I use Subversion. Not because I think it is any better than any other source control system. It’s just that I have come to know it and get used to it. But I was reminded today that regardless of the source control, or version control, program you are using, it should be on a separate PC.

Yesterday morning I was doing some work and everthing was fine. I had to go out for a few hours and when I returned in the afternoon my development computer had died. I rang up my friendly PC repair guy who said it is probably the power supply, but it could be the motherboard. I left it with him and came home.
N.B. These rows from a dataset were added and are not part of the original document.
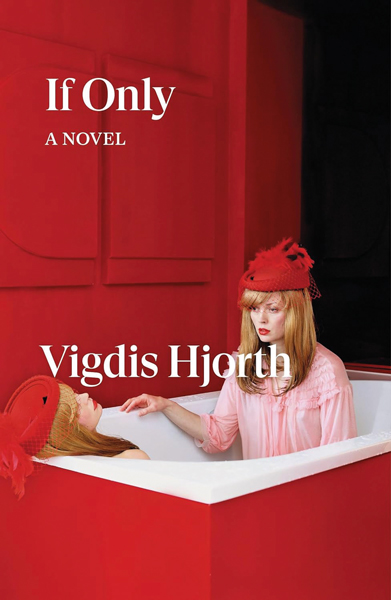 If Only by Vigdis Hjorth cover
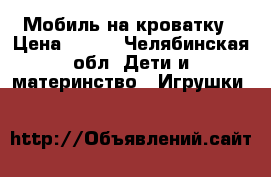 Мобиль на кроватку › Цена ­ 400 - Челябинская обл. Дети и материнство » Игрушки   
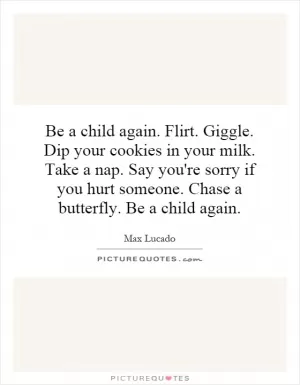 Be a child again. Flirt. Giggle. Dip your cookies in your milk. Take a nap. Say you're sorry if you hurt someone. Chase a butterfly. Be a child again Picture Quote #1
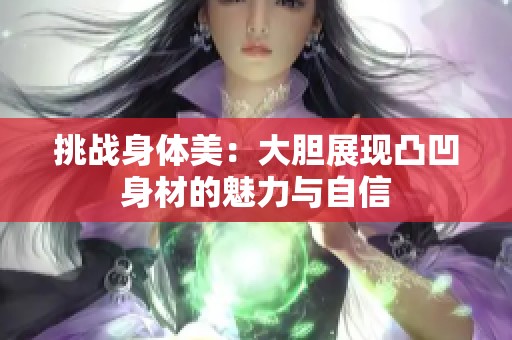 挑战身体美：大胆展现凸凹身材的魅力与自信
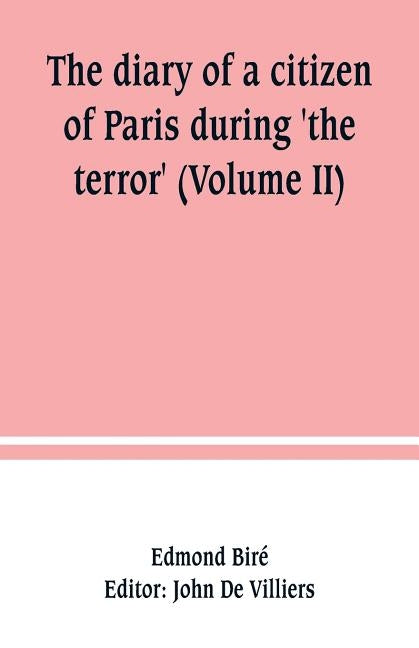 The diary of a citizen of Paris during 'the terror' (Volume II) by Biré, Edmond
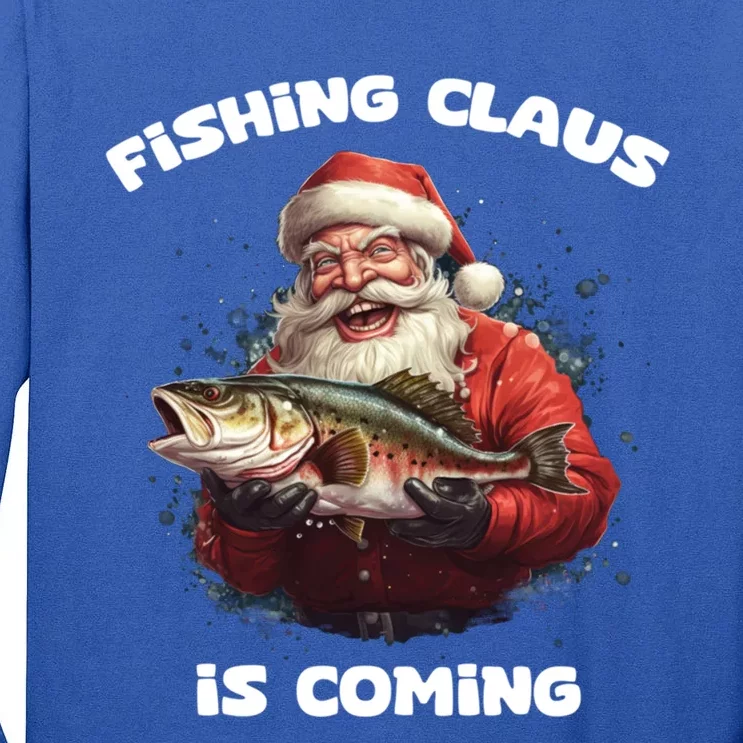 Fishing Claus Is Coming SantaS Angler Gift Tall Long Sleeve T-Shirt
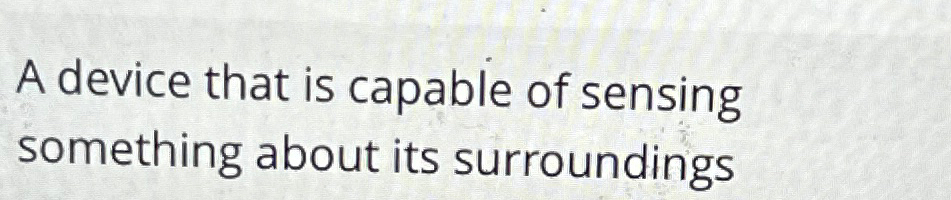  A device that is capable of sensing something about its surroundings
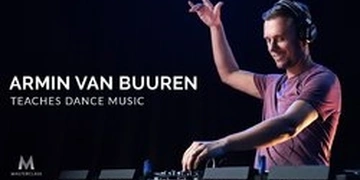 Armin van Buuren Teaches Dance Music | MasterClass thumbnail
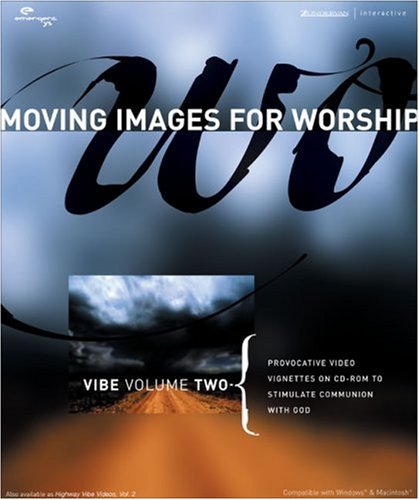 Vibe Volume Two: Provocative Video Vignettes on CD-ROM to Stimulate Communion with God (Moving Images for Worship) (9780310258193) by Highway Video Inc.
The only problem was that I had to deliver an application to a client this morning. There were some minor changes that I hadn’t finished. I was planning on finishing them yesterday afternoon, but that was now impossible. But all was not lost. I was able to grab the latest build from myh buildserver pc which holds the Subversion repository and does continuous integration using TeamCity. The latest changes that I was working on were not in Subversion. I hadn’t checked them in yet because they weren’t complete and they would have broken the build if I had.

And if I had kept the source control repository on my development machine it would have been quite safe, and I do nightly backups, things would have been different. I could have got the lastest stuff from the nightly backup, but not as easily. Stuff is the operative word. I would have had to stuff around getting it onto my laptop and then recompiling and checking that everything was OK. Probably a couple of hours work.

But this time it was easy. I had to go out first thing this morning. I got home around 9:30, had a cup of coffee, copied the latest build onto CD and had it delivered to the client by 10:15.

A separate pc hosing source control and continuous integration can save a lot of time, a lot of hassle, and probably a lot of hair.